The Satpura Basin is a Gondwana Basin that lies in the heart of peninsula India, along the Narmada-Son lineament. It covers an area of about 5000 km2. It contains an early Permian to Triassic succession similar to that of the other Gondwana basins, but this is unconformably overlain by a Cretaceous succession comprising the Lower Cretaceous Jabalpur Formation, the Upper Cretaceous Lametas Formation and the latest Cretaceous to earliest Palaeocene Deccan Trap. The Pench-Kanhan-Tawa Valley coalfield lies on the southern margin of the basin. This is characterised by a high degree of structural disturbance and E-W faulting. The coalfield also shows evidence of intrusion by dykes associated with the Deccan Traps. The structure of the central part of the basin is less well known. The sandy parts of the Barakar Formation, along with the Bijori and Panchmari formations may provide suitable reservoirs, and the clay-dominated Motur and Denwa Formations could have sealing potential (Mondal 2007). However, until this potential can be firmed up, its CO2 storage potential is classified here limited.

References

Mondal, A. 2006. Gondwana Basins in India – Vast Geologic Storage Sites for CO2 Injection. Proceedings of the International Workshop on R&D Challenges in Carbon Capture & Storage Technology for Sustainable Energy Future (IWCCS-07), 12-13 January 2007. National Geophysical Research Institute, Hyderabad.

THE VINDHYAN BASIN

 

Figure A3.38 Location of the major Proterozoic basins of India

Introduction

The Vindhyan Basin (outcropping parts of which are shown in Figures A3.38 and A3.39) is a large intra-cratonic Proterozoic basin on the northern part of the Indian Shield. It covers an area of about 166400 km2. About 40,000 km2 of the northern part of the basin is concealed beneath Ganges river alluvium and Cenozoic sedimentary rocks. On the basis of geophysical evidence the basin is thought to extend up to (and thus possibly beneath) the frontal thrust of the Himalayas. The southern and south-western parts of the basin are covered by the Deccan Traps. Concealed Vindhyan strata are present as far west as the Moradabad Fault and as far east as the Patna Fault (Figure A3.39).

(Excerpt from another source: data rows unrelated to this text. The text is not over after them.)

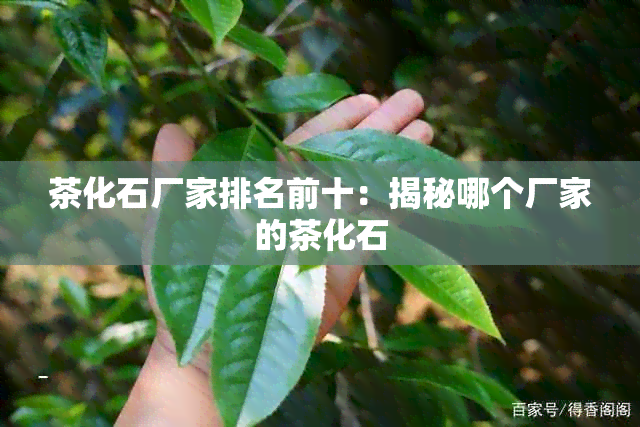 茶化石厂家排名前十：揭秘哪个厂家的茶化石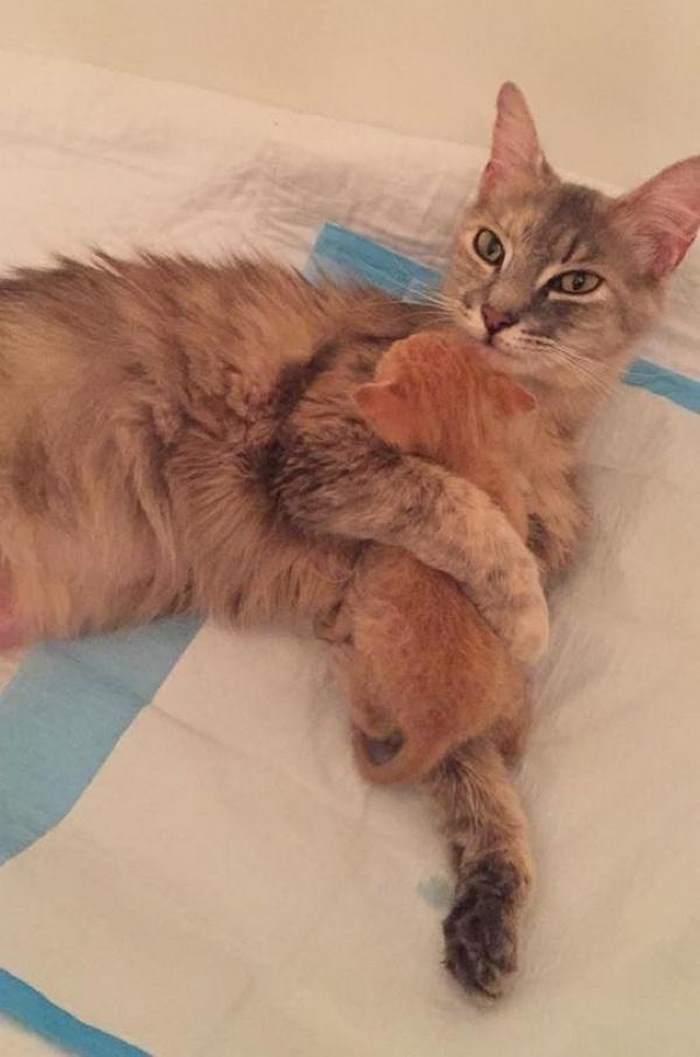 mother-shelter-cat-nurtures-orphan-kitten-ember-flame-9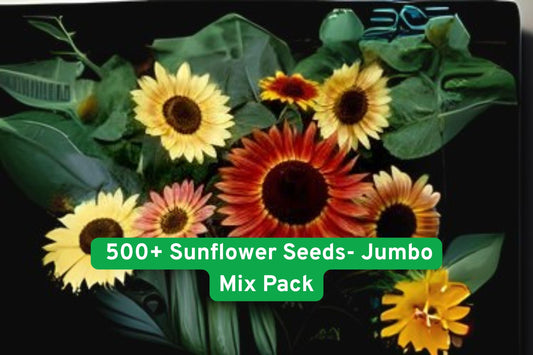 Mixed Sunflower Seeds Pack – 15+ Heirloom Varieties, Multicolor Helianthus annuus, 500+ Seeds for Garden, Cut Flowers & Pollinators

The exposed Bundelkhand Massif (of Archaean age), and its subsurface continuation the Faizabad Ridge, lie in the centre of the basin. They trend roughly northeast-southwest and divide the basin into two parts, one lying within the Chambal Valley to the west and the other lying in the Son Valley to the east. They influenced sedimentation during deposition of the basin fill.

Figure A3.39 Location map of Vindhyan Basin

Stratigraphy

The basin is of Proterozoic age. Its fill is thought to span the time interval from 1400 Ma to 500 Ma (Prasad & Verma 1991).

The sedimentary rocks that fill the Vindhyan Basin are known as the Vindhyan Supergroup. They are stratified, unmetamorphosed sandstones and shales, with subordinate limestones. They attain a maximum thickness of about 5250 m.

Potential reservoir rocks

No detailed studies of the reservoir properties of the Vindhyan rocks have been made. However, Aswathi (quoted in Srivastava et al.1983) concludes that the interval velocity of the Vindhyan sediments beneath the Ganges plain indicates extremely poor reservoir properties. Peters, Bhatnagar & Singh (1997) also state that Vindhyan sediments have poor primary porosity.

Potential cap rocks

Good shale sequences are present that, if not heavily fractured, might seal any reservoir horizons, especially in the Upper Vindhyan Group.

Structure

There are some apparently suitable structures for CO2 storage in the basin, e.g. along the southeastern boundary of the Bundelkhar Massif, and along the Narmada-Son Lineament, where many anticlinal structures are present in a linear belt.

Summary of carbon dioxide storage potential

The absence of recorded good quality reservoir rocks indicates that CO2 storage potential is likely to be low, and possibly non-existent, despite the thick and widespread sedimentary fill of the basin. However, given the vast area that the basin covers it is probably premature to write it off completely.

References

Prasad, B. & Verma, K.K. 1991. Chapter 4 Vindhyan Basin: A Review. In: Tandon, S.K., Pant, C.C. & Casshyap, S.M. (editors), Sedimentary basins of India: Tectonic Context. Gyanodaya Prakashan, Nainital, India, pp50-62.

Peters, J., Bhatnagar,, P.K. & Singh, S.K. 1997. Potential Fractured Reservoirs in the Vindhyan Super Group and their Relation to Petrographic Characteristics. Proceedings of Second International Conference and Exhibition, Petrotech 97, New Delhi, pp. 239-248. B.R. Publishing Corporation, New Delhi.

Srivastava, B.N., Rana, M.S. & Verma, N.K. 1983. Geology and Hydrocarbon Prospects of the Vindhyan Basin. Petroleum Asia Journal, Nov. 1983, 179-189.

2 There is a Lower Cretaceous sedimentary sequence below the Deccan Trap but this likely predates basin development.